What can we learn from the recent Risk Alert?
The SEC’s observations from their recent review of newly-registered investment advisers identified issues in three main areas.
i. Weaknesses in compliance policies and procedures, where:
- the policies and procedures did not cover risk areas relevant to the firm, such as portfolio management and charging of fees;
- the adviser failed to include procedures to enforce named policies, such as asserting that advisers’ policy was to pursue best execution, but lacking any process systematically to measure the quality of execution, over time, over clients’ transactions;
- the policies and procedures were not followed by advisers, for example because employees have been unaware of them, or because the policies were not relevant to their business and operations; and
- the policies and procedures were not reviewed annually.
Common failings included:
- template compliance manuals not tailored to an adviser’s business and operations;
- insufficient resources being allocated to regulatory compliance, for example a Chief Compliance Officer holding multiple unrelated responsibilities therefore diluting their focus on the compliance program;
- conflicts of interest not being effectively identified, disclosed or mitigated, particularly in regard to an adviser’s multiple roles and responsibilities;
- outsourcing of certain business and compliance functions without appropriate or effective assessment of how these outsourced responsibilities were being performed or whether they were consistent with the advisers’ compliance program and processes; and
- questionable operational resilience, including inadequate business continuity plans or succession plans.

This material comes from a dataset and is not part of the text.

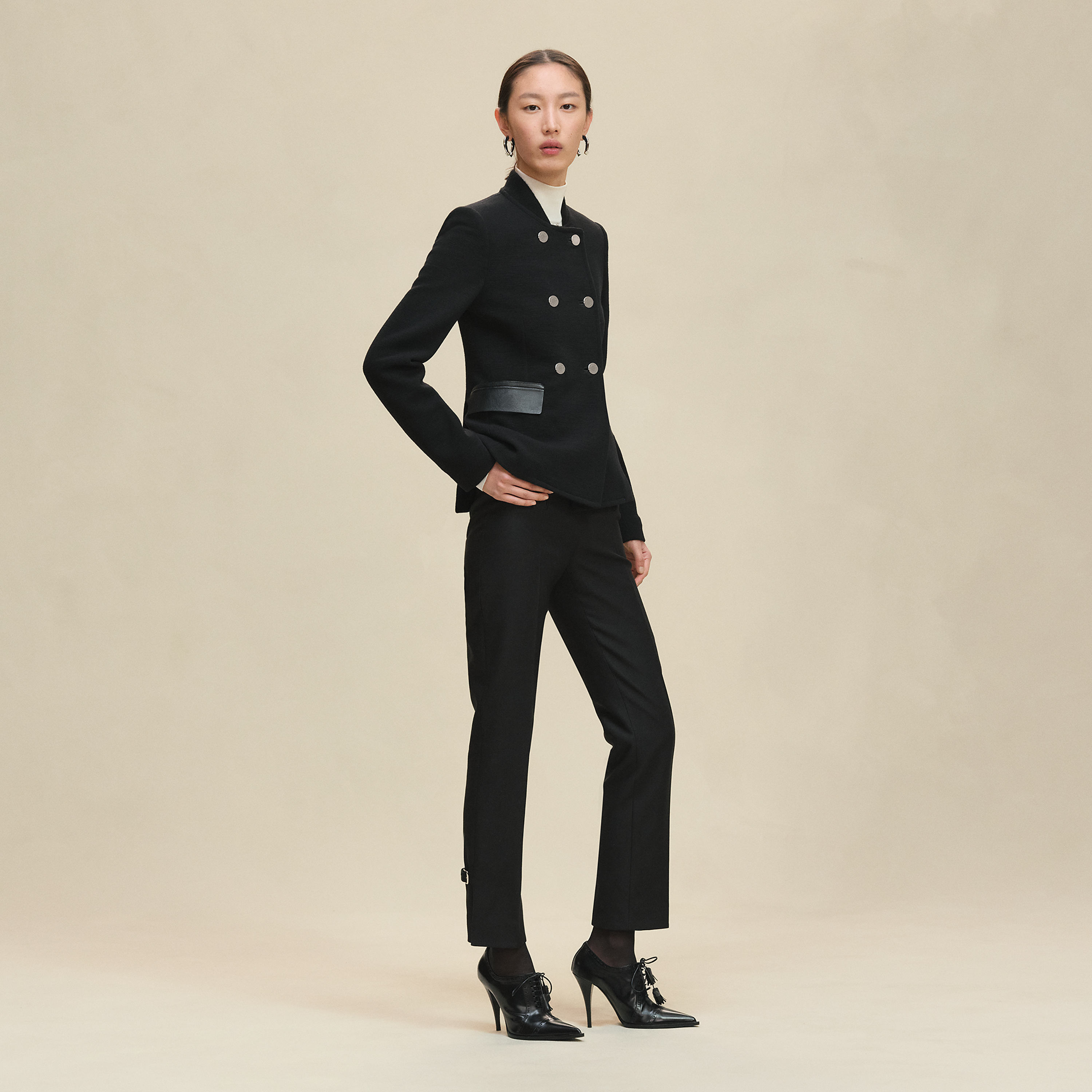 Short pea coat with leather details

ii. Disclosure documents and filings
The SEC observed that the adviser’s required disclosure documents typically contained omissions or inaccuracies, with material or annual Form ADV updates not made within prescribed timeframes, or at all.
Examples of disclosure inaccuracies and omissions related to:
- fees and compensation;
- business, or operations (including affiliates, relationships, number of clients, assets under management);
- client services offered, such as investment strategy, use of models, aggregate trading and account reviews;
- disciplinary information;
- websites and social media accounts; and
- conflicts of interest.
The SEC also observed that marketing materials contained inaccurate or misleading information, sometimes in relation to advisers’ professional experience or qualifications, third-party rankings or performance. In some cases, advisers were unable to provide evidence to substantiate certain factual claims.

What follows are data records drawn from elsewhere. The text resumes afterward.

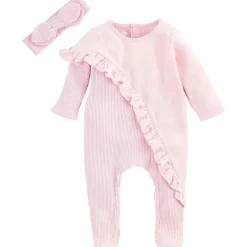 Mud Pie - Conjunto de dormir e faixa de cabeça em veludo rosa Clearance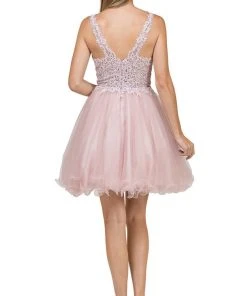 Dancing Queen - 2054 Lace Rhinestone Embellished Cocktail Dress Cocktail Dresses 12 Dancing Queen - 2054 Lace Rhinestone Embellished Cocktail Dress Cocktail Dresses
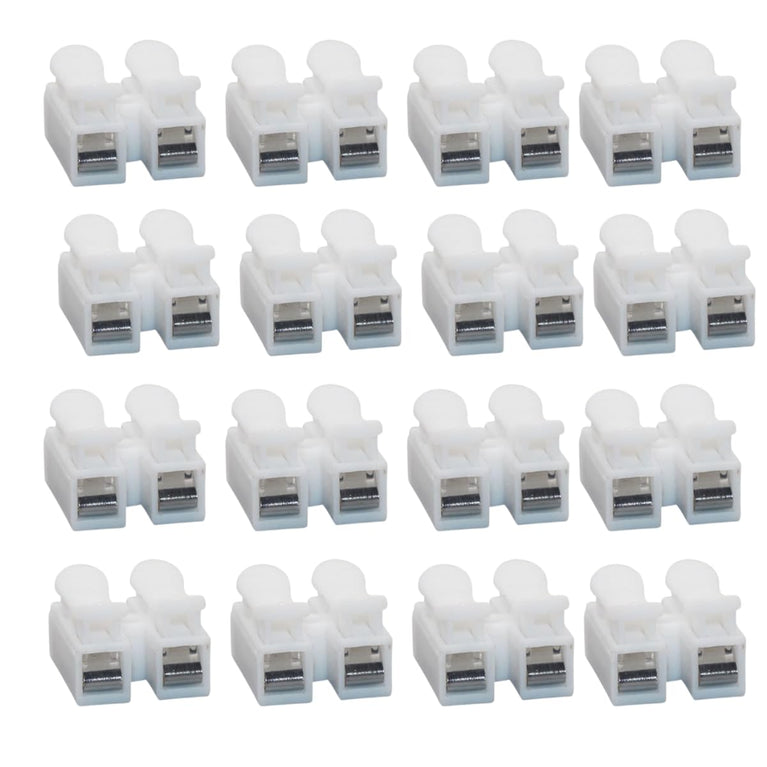 SNOOGG 20 Pack 2 Pin Wire Connectors, Spring Wire Connectors Terminal Cable Clamp Connectors, Quick Terminal Wire Connector for Wire LED Strip Light Wire Connecting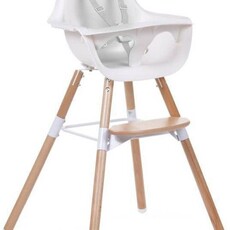 Childhome EVOLU 2 STOEL NATUREL / WIT 2 in 1 + BEUGEL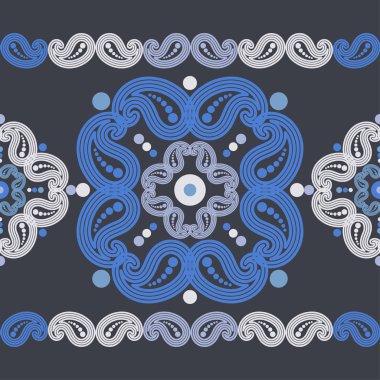 Paisley süsleme. Polka nokta. Etnik Boho Dikişsiz desen. Ikat. Geleneksel süs. Halk motif. Duvar kağıdı, tekstil, davet kartı, sarma, Web sayfası arka plan için kullanılabilir.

Alongside these observations, it should be noted that previous Risk Alerts contain common examination observations which apply not just to the newly-registered, but to registered investment advisers and registered investment advisers of private funds more generally.
What’s the takeaway?
The SEC will continue to focus on examinations of newly-registered advisers to encourage early engagement with advisers and to assist firms with their compliance programs. Similarly, the SEC will continue to examine existing registered investment advisers, and those advising private funds.
All registered investment advisers are encouraged to review their compliance policies and procedures, marketing, and disclosures, especially with regard to the issues raised above.
An SEC examination should not be something to dread as it does provide much needed interaction between advisers and the SEC. However, there is a very real need to be as prepared! Mock audits allow the firm to assess their compliance program against the SEC’s expectations, educate staff who may not be as familiar with the firm’s policies and procedures and identify areas for improvement in advance of the actual examination.